Video games in many ways are an art form, and in most pieces of art, the artist creates something that represents something of personal value. They hope to have the viewer feel an emotion that they will go on to talk about. In today’s day and age, a lot of art forms have become more political. Whether you agree or disagree is up to your own beliefs and opinion. Far Cry 5 is an example of interpretation. At the end of the day, if you buy this game, you are buying it for the game and for the fun that you will hopefully have. Whether or not the game has something to say should not automatically discourage you from at least giving the game a chance.Image result for far cry 5For the past couple of entries, the Far Cry series has been criticized by many for the lack of differentiating between each of the games.
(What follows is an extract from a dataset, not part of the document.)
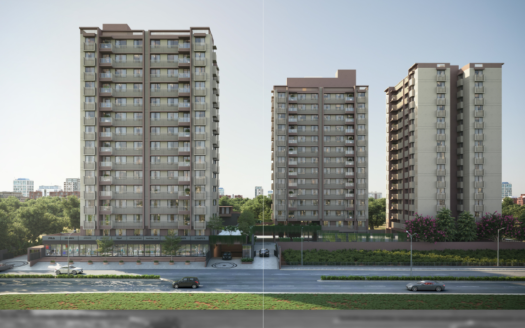 Saral Sparsh Arham – 2 and 3 BHK Apartments in Ahmedabad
People praised Far Cry 3 when it first came out but when Far Cry 4 came out, people complained about it just being Far Cry 3.5 in the Himalayas. The same can be same about Far Cry Primal, where you have the same outpost and tower structure that has become a staple for each entries in the series. Is it fair to assume these components will be in Far Cry 5? Possibly, but we will not know for sure until we play the game. It might be completely different than most of the games in the series but could also be the same formula that has started to divide a lot of the fan base. The evolution of the series should be what we discuss for now and not the political aspect that may be in the newest Far Cry game.

Regardless for Far Cry 5, it will continue to be a topic for debate in the mainstream media. Even if it does turn out to tell a great story with engaging characters all wrapped in smooth gameplay mechanics, Far Cry 5 will still be discussed only because of its political stances. Video games have always been associated with violent behavior and was a topic of debate during the aftermath of the horrific Sandy Hook school shooting. While some video games may not always be a good influence to some children, blaming every single act of violence or saying how video games are bad for you only shows how biased you are against the medium. It is a shame that a video game with something to say only gets represented with its politics and not how the game actually turns out to be. Both of these features are equally important and deserve to be highlighted. One without the other could possibly harm the final version of the product which no one really wants.

Ubisoft is making a bold move setting the next game in the United States and making the villains white extremists, but why should they be criticized? Developers should take risks when it comes to developing their video games. Again, we will not know how Far Cry 5 will turn out until February of next year so until then why criticize? Everyone should have the right to voice their opinion and not feel afraid to be censored or shunned. Criticism can be very helpful and can lead to good discussions. However, criticism that leads to censorship defeats any point about having the right of free speech. No matter what you think about the views that may be expressed expressed in the game compared to your own political stances, Far Cry 5 should not be viewed as a propaganda piece that Ubisoft is trying to force on us but rather as an open world experience in the long running franchise that has some topics that are waiting to be discussed. There is nothing wrong with hearing a different opinion that might contradict your own and until February of next year, let Far Cry 5 be the game Ubisoft is developing it to be and not the game that many people already assume it will be.


  1. You play a video game to escape the real world. You don’t desire to be preached to constantly.

  2. Should be noted that shown game art assets show African American men who are in this cult. While the baddies will be predominanely white, they will not be SOLEY white (or even male for that matter, as another art asset shows a woman trying to attack the dog Boomer).